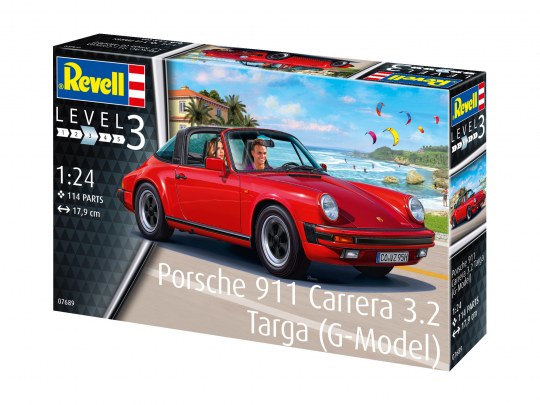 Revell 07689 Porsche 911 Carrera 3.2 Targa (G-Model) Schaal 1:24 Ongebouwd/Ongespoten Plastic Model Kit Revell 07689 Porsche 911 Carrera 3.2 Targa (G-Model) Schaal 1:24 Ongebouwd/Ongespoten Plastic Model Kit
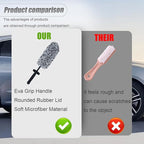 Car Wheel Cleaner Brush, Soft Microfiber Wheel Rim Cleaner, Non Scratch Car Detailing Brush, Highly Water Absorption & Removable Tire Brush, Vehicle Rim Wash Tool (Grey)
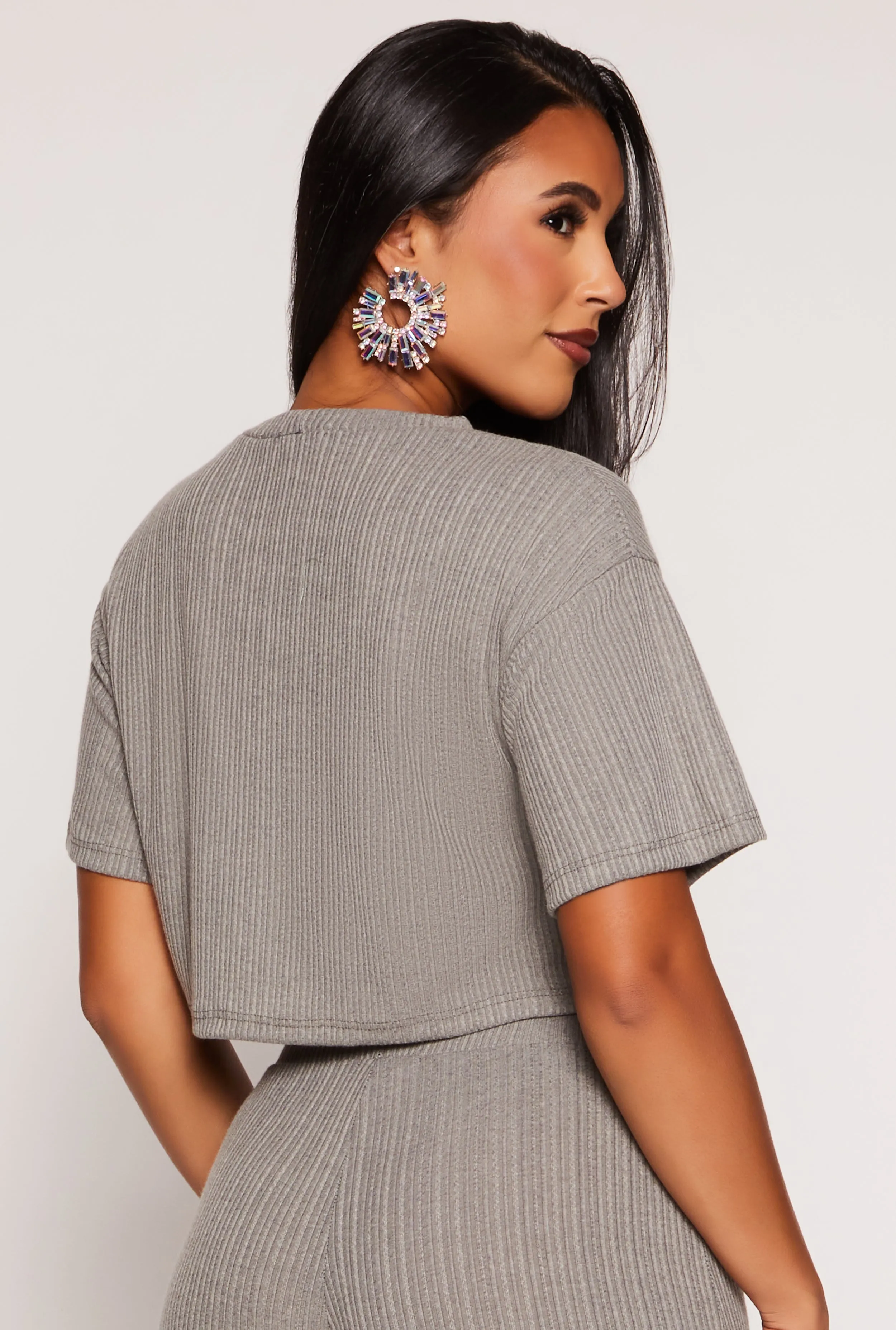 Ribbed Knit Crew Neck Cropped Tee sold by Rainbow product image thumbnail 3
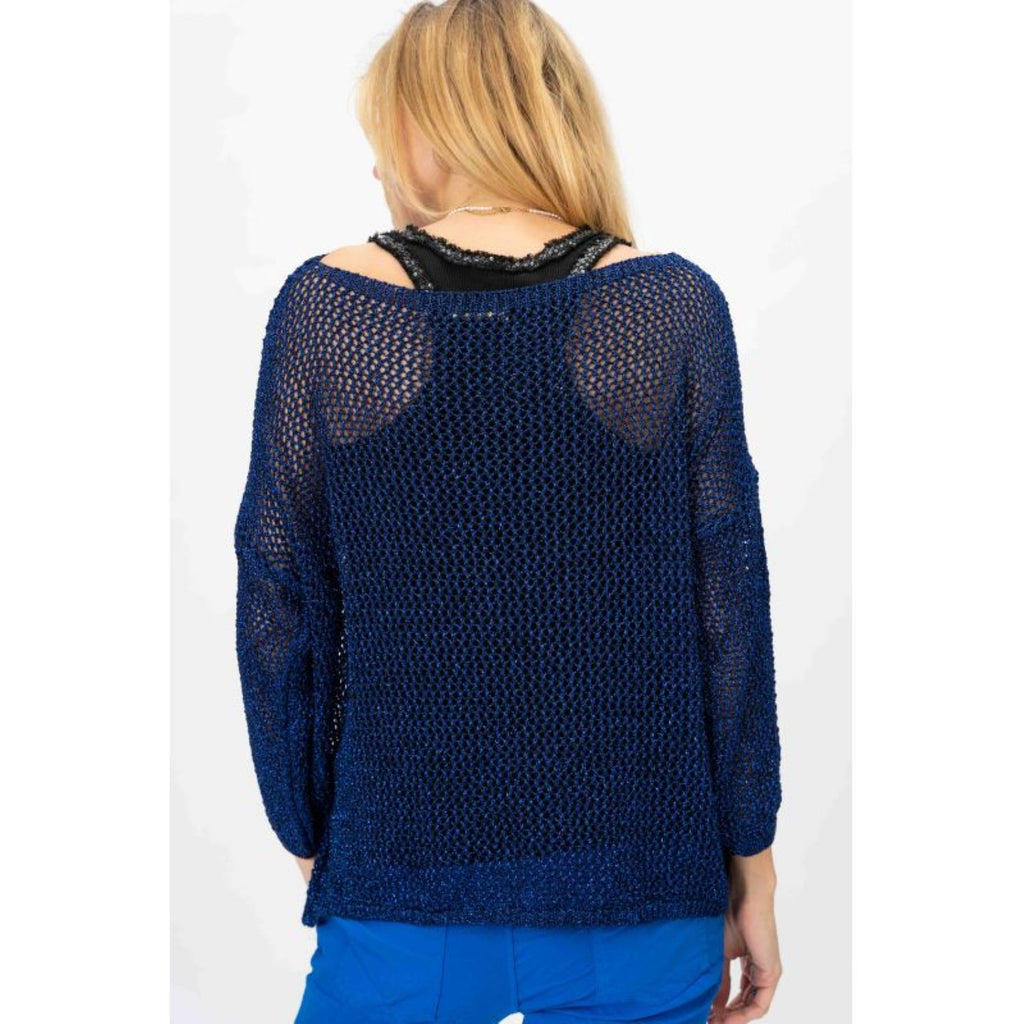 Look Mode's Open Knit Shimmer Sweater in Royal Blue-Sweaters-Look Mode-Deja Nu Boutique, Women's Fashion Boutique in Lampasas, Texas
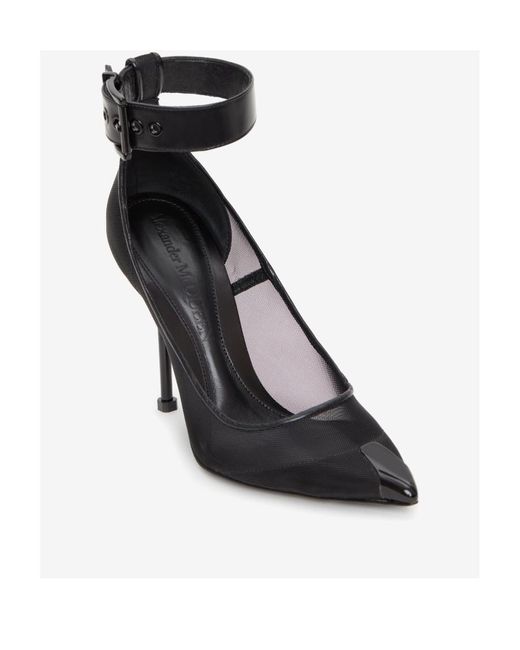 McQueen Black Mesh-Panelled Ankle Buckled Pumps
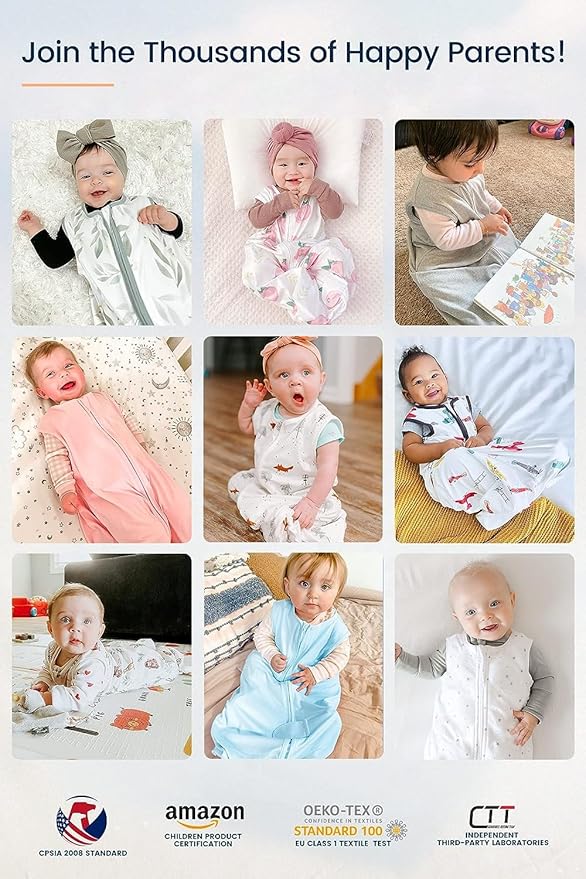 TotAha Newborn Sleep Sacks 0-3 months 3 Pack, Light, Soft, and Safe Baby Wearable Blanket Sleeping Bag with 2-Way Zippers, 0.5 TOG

--------

Reproduce exactly, with nothing added, the lines from the line with "McQueen Black Mesh-Panelled" through the end of the entries above; pictures are to be left out.

 McQueen Black Mesh-Panelled Ankle Buckled Pumps
 TotAha Newborn Sleep Sacks 0-3 months 3 Pack, Light, Soft, and Safe Baby Wearable Blanket Sleeping Bag with 2-Way Zippers, 0.5 TOG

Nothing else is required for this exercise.